- Required action:
Could you transcribe exactly the lines below, from the line with "Suporte para Lenha" through the line with "Close-up of Fierce", and nothing else, leaving out the pictures?

Top of Excerpted records

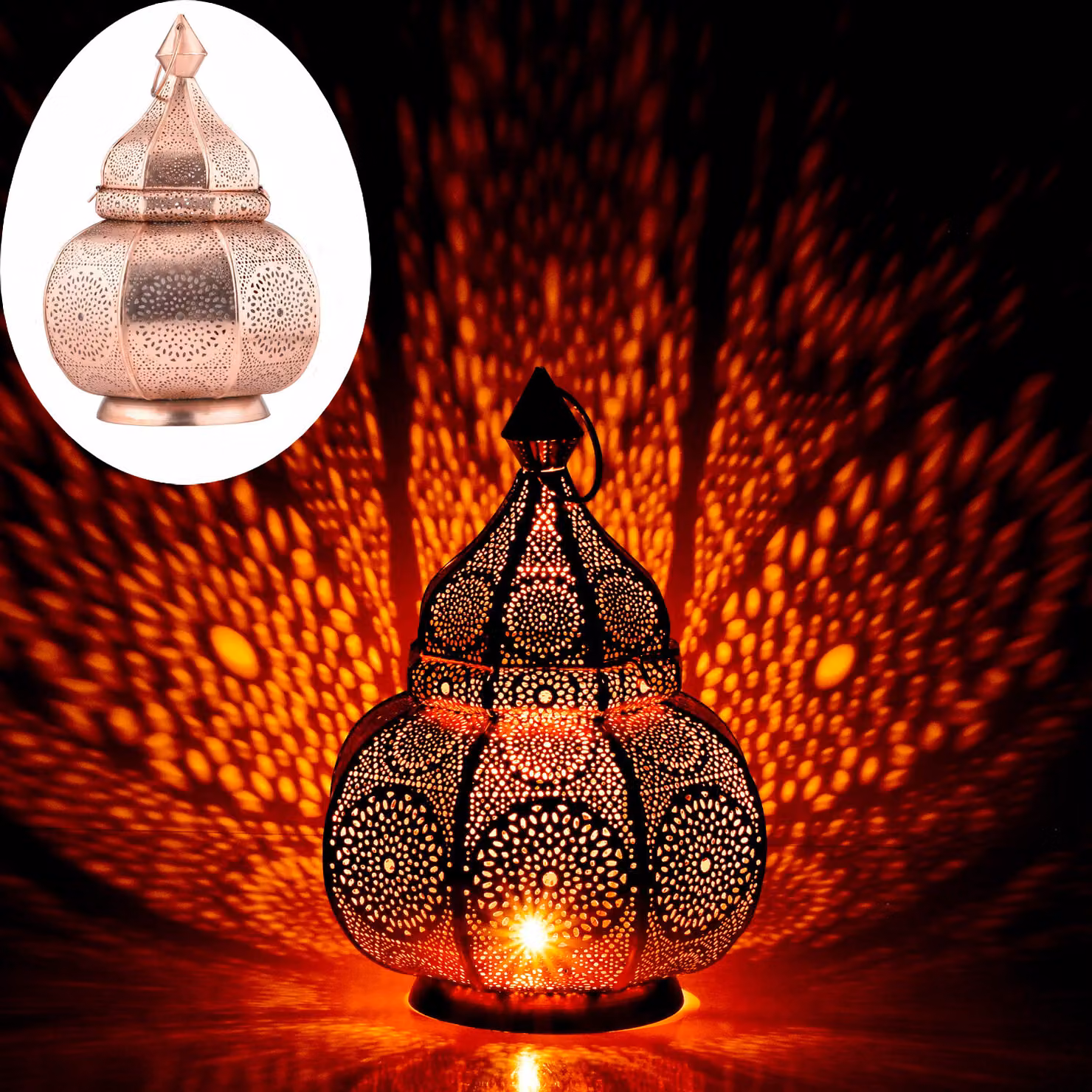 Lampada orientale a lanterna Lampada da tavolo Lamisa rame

Bottom of Excerpted records
Top of Excerpted records

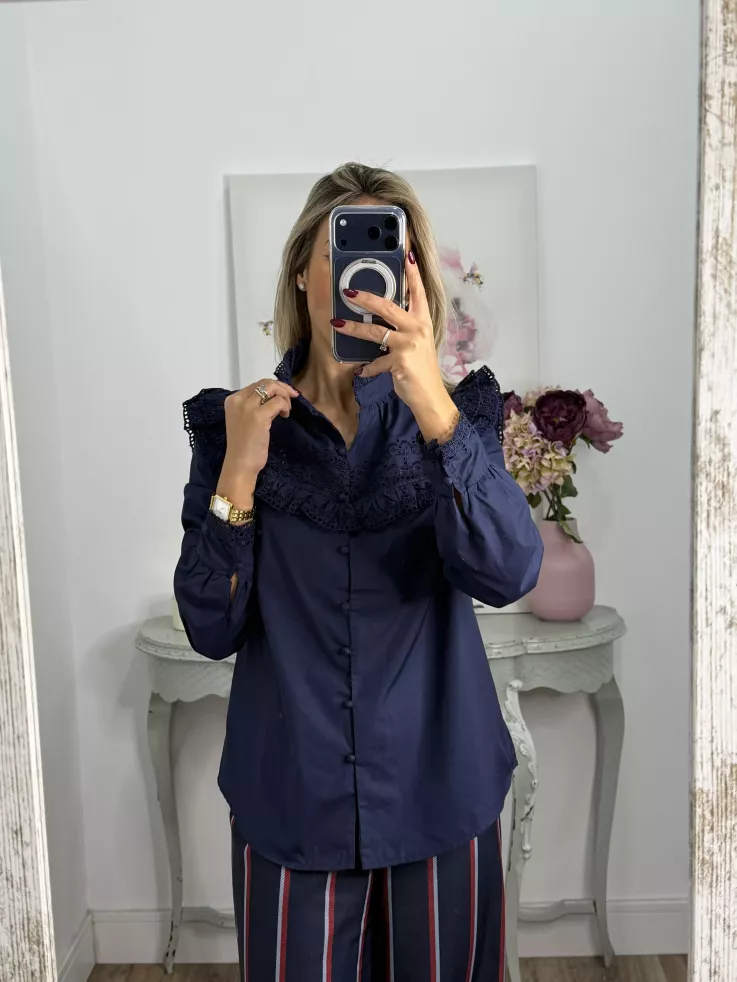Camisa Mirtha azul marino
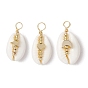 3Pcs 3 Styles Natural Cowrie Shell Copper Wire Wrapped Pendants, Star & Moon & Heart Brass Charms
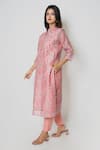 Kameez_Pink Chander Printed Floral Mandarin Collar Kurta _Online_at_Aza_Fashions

Bottom of Excerpted records
Top of Excerpted records

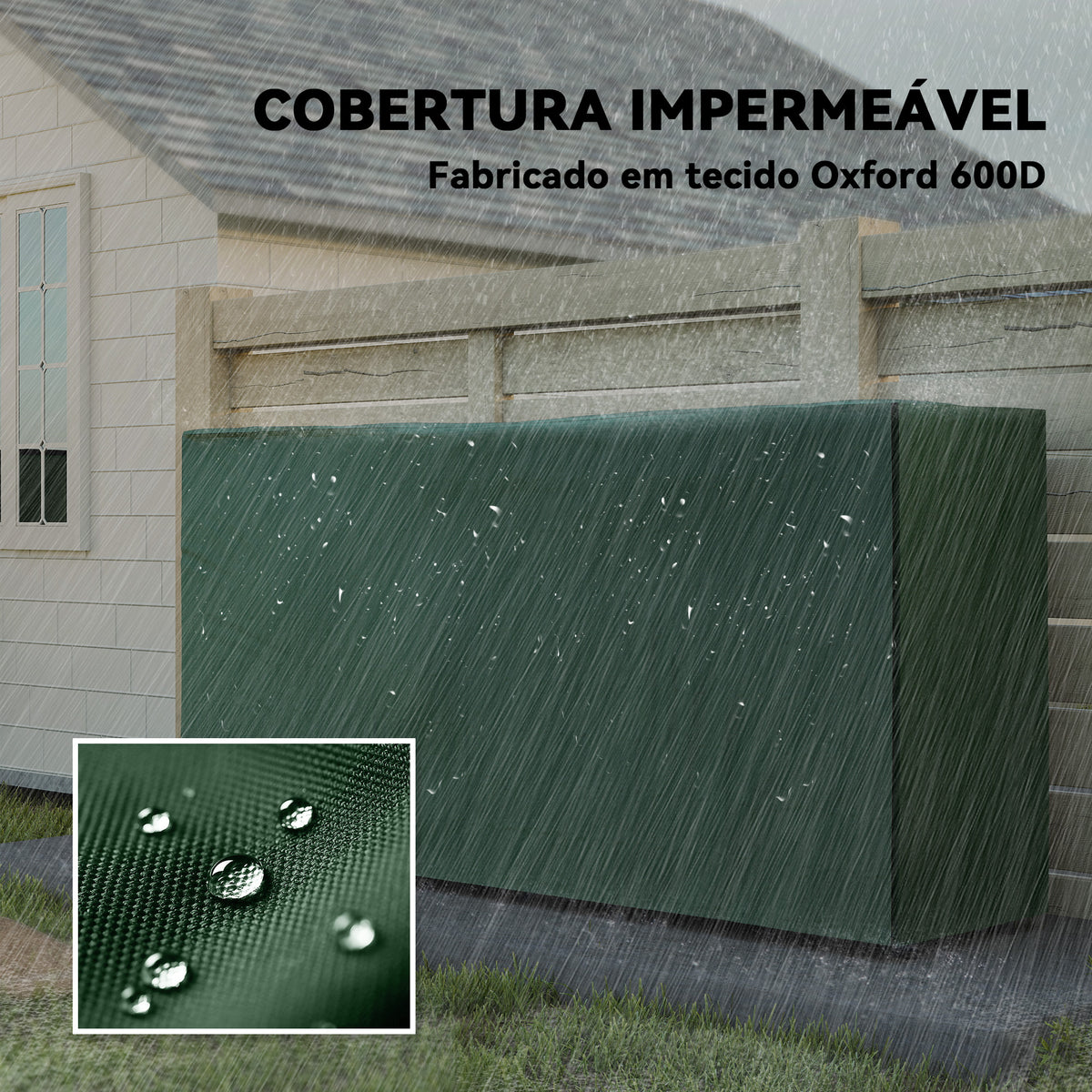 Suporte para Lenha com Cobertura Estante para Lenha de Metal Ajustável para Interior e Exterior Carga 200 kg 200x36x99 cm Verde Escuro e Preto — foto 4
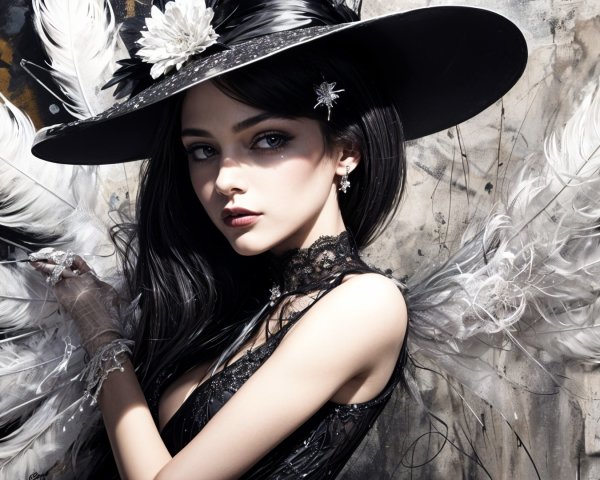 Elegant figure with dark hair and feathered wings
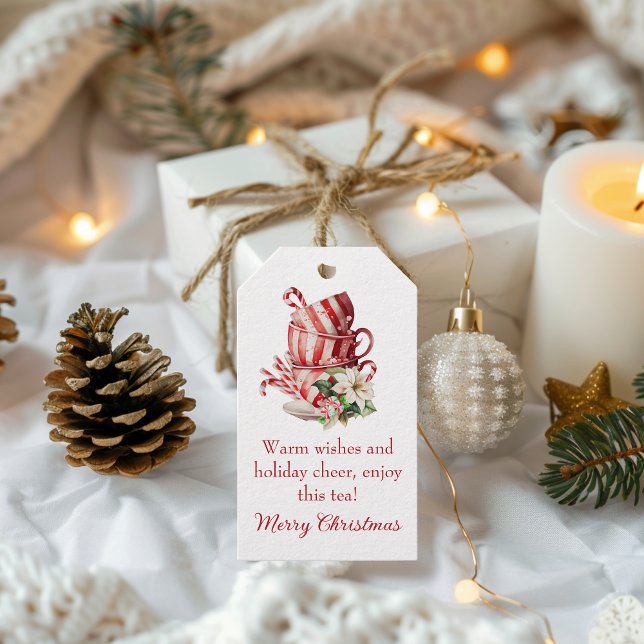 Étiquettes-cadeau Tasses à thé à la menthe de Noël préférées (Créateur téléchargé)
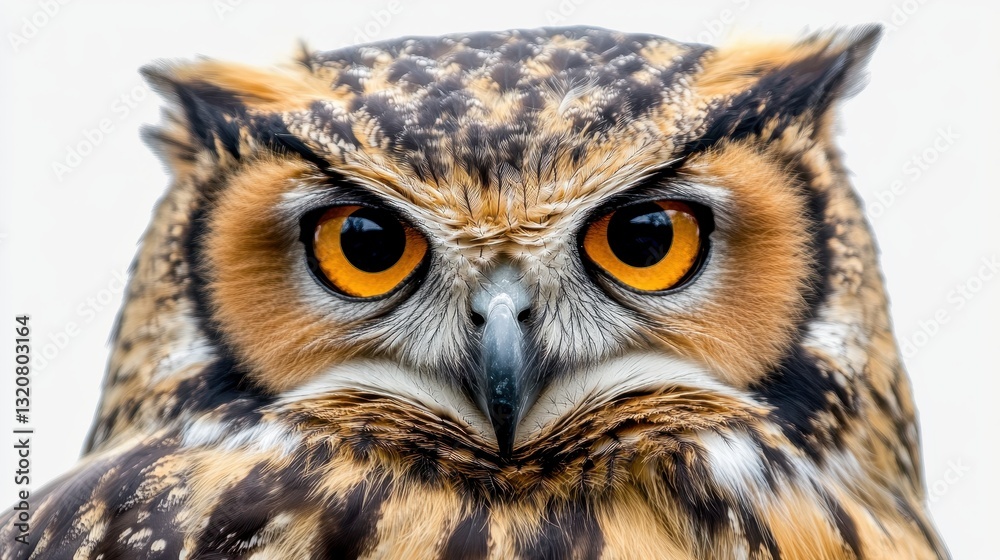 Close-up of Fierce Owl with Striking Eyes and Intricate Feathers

Bottom of Excerpted records

- Problem solution:
 Suporte para Lenha com Cobertura Estante para Lenha de Metal Ajustável para Interior e Exterior Carga 200 kg 200x36x99 cm Verde Escuro e Preto — foto 4
 Elegant figure with dark hair and feathered wings
 Étiquettes-cadeau Tasses à thé à la menthe de Noël préférées (Créateur téléchargé)
 Close-up of Fierce Owl with Striking Eyes and Intricate Feathers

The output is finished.